> **Goal of the exercise**
Copy each line below exactly and leave the pictures out.

Provided data START

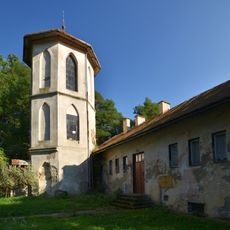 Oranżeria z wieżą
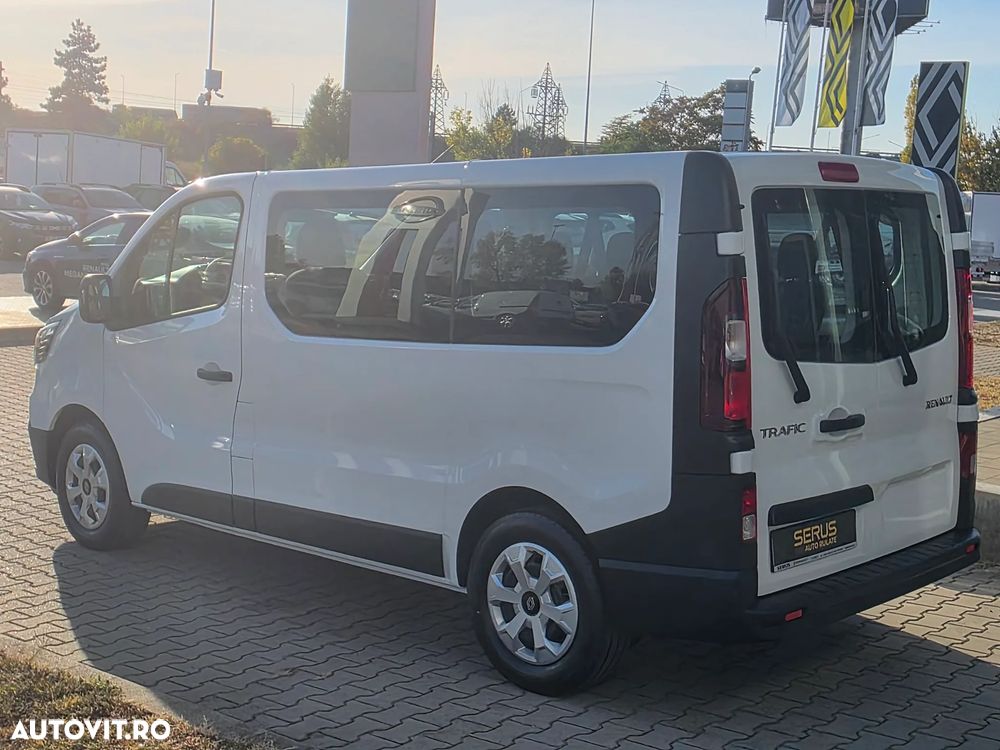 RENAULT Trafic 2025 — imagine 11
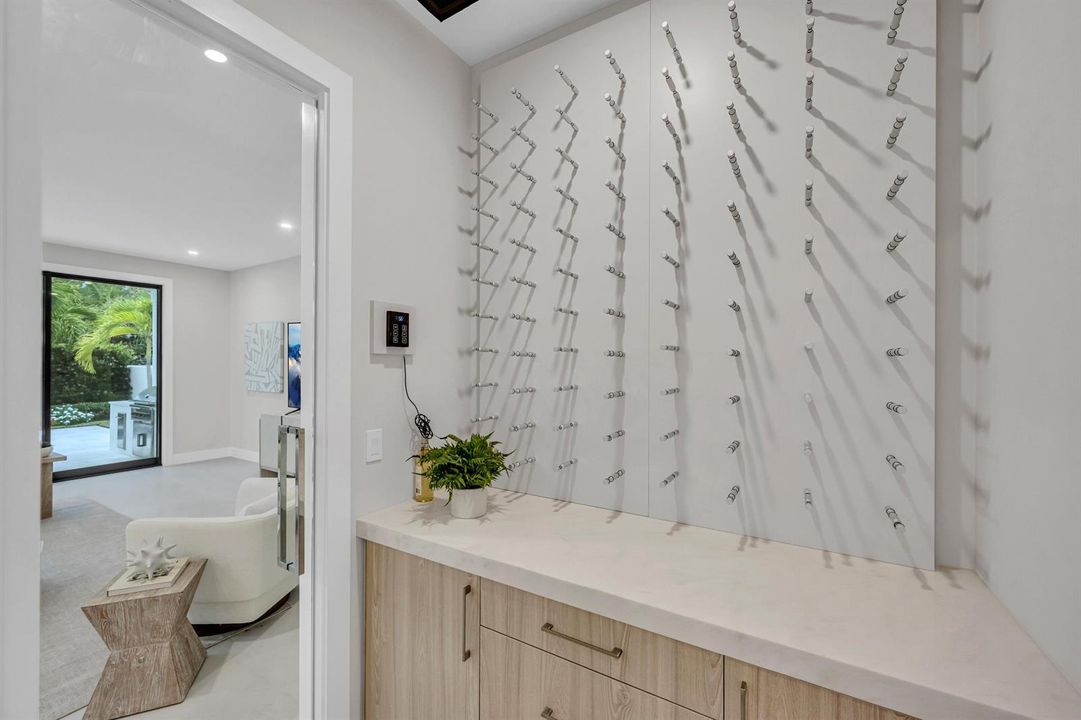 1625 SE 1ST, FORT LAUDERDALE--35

Provided data END

> **Solution to this task**
 Oranżeria z wieżą
 RENAULT Trafic 2025 — imagine 11
 1625 SE 1ST, FORT LAUDERDALE--35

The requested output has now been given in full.